Module 1 Introduction to Literate Programming with Quarto

Principle Assignment

Author

Jae Jung

Published

February 2, 2025

1 Overview

1.1 Learning outcomes

  1. Install R and RStudio.
  2. Describe the layout and menus of RStudio.
  3. Compare and contrast different types of codebook in RStudio - R Scripts, Rmd, and Quarto.
  4. Describe the operational basics necessary to perform in every projects in R
  5. Explain typical workflow for a Quarto project in RStudio.
  6. Explain what the reproducible research is and the role of literate coding.
  7. Describe major authoring tools you can implement to make your Quarto document effective.
  8. Describe some major computational options you can implement on Quartor documents.
  9. List Quarto’s capabilities that makes it an alternative to MS Office.
  10. List online resources available in R Community when you need help.
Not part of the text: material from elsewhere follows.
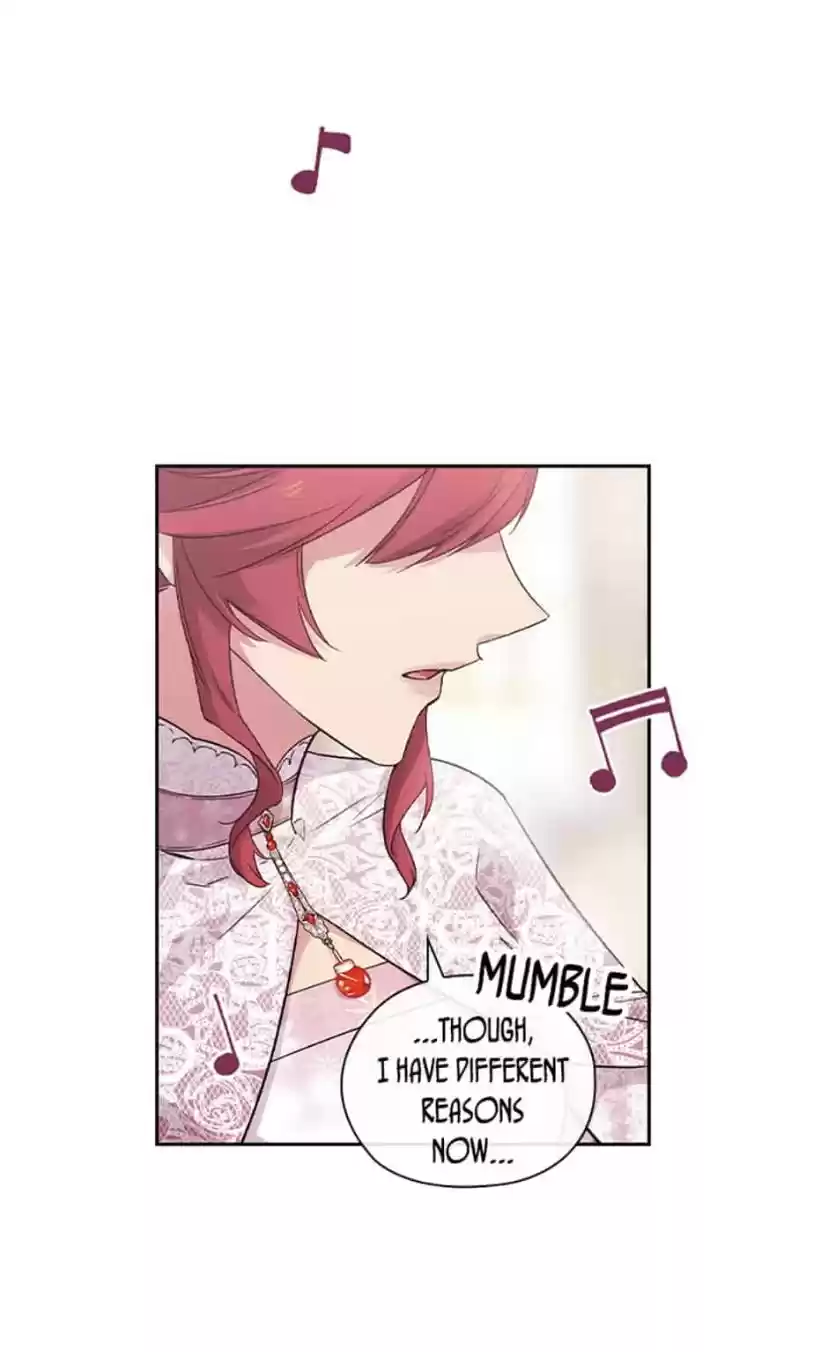 Reminiscence Adonis Chapter 178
1.2 The textbook chapters to cover:

  • Ch01: Introduction to R for Data Science
  • Ch28: Quarto
  • Ch02: Workflow: basics
  • Ch04: Workflow: Code style
  • Ch06: Workflow: Scripts and projects
  • Ch08: Getting help
  • Ch01: Data visualization

2 R & R Studio

3 RStudio IDE

  • Four quadrants
  • Menu
    • Tools > Global Options
    • Output location options
      • Manually set working directory
      • Automatic method with the Rproj file

4 Steps in Preparing for a project

4.1 1. Start a new project

  • Projects are the containers for all of your scripts
  1. Press new project
  2. Select a new or existing directory depending on your needs
  3. Select your folder that contains your scripts
  4. Press create project
  • You should see your .proj file and others in the files panel

4.2 2. Start a codebook and save it

  • R Scripts file

  • Rmd file

  • Quarto file

4.2.1 Markdown vs. HTML

Markdown and HTML are both markup languages used for creating formatted content, but they have distinct characteristics. Here’s a summary of their similarities and differences:

Feature Markdown HTML
Syntax complexity Simple and easy to read More complex with specific tags
Learning curve Low, quick to learn Steeper, requires more time to master
Readability Highly readable, even in raw form Less readable in raw form
Flexibility Limited formatting options Highly flexible with extensive formatting
Output Primarily static content Dynamic web pages and applications
Supported elements Basic formatting (headings, lists, links) Wide range of elements (forms, multimedia)
Conversion Easily converts to HTML Cannot be directly converted to Markdown
Collaborative editing Well-suited for collaboration Less ideal for collaborative editing
Customization Limited styling options Extensive styling with CSS
Use cases Documentation, simple content Complex web development, detailed layouts
Browser support Requires conversion to HTML Natively supported by browsers
Extensibility Limited, varies by flavor Highly extensible with JavaScript

4.3 3. Start literate coding

5 What is Quarto?

  • Quarto is an open-source technical publishing system designed for creating a wide variety of documents and publications (https://quarto.org/)
  • Quarto unifies the functionality of many packages from the R Markdown ecosystem (rmarkdown, bookdown, distill, xaringan, etc.) into a single consistent system as well as extends it with native support for multiple programming languages like Python and Julia in addition to R.
  • In a way, Quarto reflects everything that was learned from expanding and supporting the R Markdown ecosystem over a decade.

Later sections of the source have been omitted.